TechEarl

How to Match HTML Tags with Regex (And Why You Probably Shouldn't)

Match HTML tags with regex when you must, and the case for parsing instead. Patterns for opening, closing, self-closing, attribute-bearing tags, JavaScript / Python / PHP, engine notes, common mistakes.

Ishan KarunaratneIshan Karunaratne⏱️ 10 min readUpdated
Match HTML tags with regex when you have to. Patterns for opening, closing, self-closing, and attribute-bearing tags. JavaScript / Python / PHP examples, engine notes, common mistakes, parser alternative.

The shortest regex that matches a simple HTML opening tag: <[a-zA-Z][a-zA-Z0-9]*>. It accepts <div>, <p>, <h1>, and rejects <123> (numeric first character) and <!doctype html> (those special angles).

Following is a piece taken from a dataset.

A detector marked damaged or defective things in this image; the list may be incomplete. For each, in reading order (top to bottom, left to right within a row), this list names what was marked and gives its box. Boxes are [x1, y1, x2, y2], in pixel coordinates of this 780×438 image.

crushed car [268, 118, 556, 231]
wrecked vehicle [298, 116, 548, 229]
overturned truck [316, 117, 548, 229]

For tags with attributes, closing tags, self-closing tags, or attribute capture, the pattern gets longer. Below I walk every variant with runnable code in JavaScript, Python, and PHP, engine notes per language, the bugs I've shipped, and I'll be honest about when this is the wrong approach (which is most of the time).

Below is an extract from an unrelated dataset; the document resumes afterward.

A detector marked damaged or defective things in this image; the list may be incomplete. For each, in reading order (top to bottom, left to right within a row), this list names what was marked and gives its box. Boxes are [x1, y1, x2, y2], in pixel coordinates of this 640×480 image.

HTML is famously not a regular language. A parser handles nested structure, attribute quoting, void elements, character entities, comments, and CDATA correctly; regex handles none of those. The patterns below are for the narrow cases where a parser is overkill (log scanning, quick search-replace in a single file, stripping known tags from trusted text) and never for parsing untrusted HTML.

Quick reference

Simple tag (no attributes):

code
<[a-zA-Z][a-zA-Z0-9]*>

Opening tag with attributes:

code
<[a-zA-Z][a-zA-Z0-9]*(\s+[a-zA-Z-]+(\s*=\s*("[^"]*"|'[^']*'|[^\s>]+))?)*\s*>

Closing tag:

code
</[a-zA-Z][a-zA-Z0-9]*\s*>

Self-closing (XHTML/JSX):

code
<[a-zA-Z][a-zA-Z0-9]*[^>]*\/>

Simple tag (no attributes)

code
<[a-zA-Z][a-zA-Z0-9]*>

Matches: <div>, <p>, <h1>, <MyComponent>. Rejects: <123>, </div>, <br/>, <!doctype html>.

The first character has to be a letter; subsequent characters can be alphanumeric. This follows the HTML spec's element-name rules.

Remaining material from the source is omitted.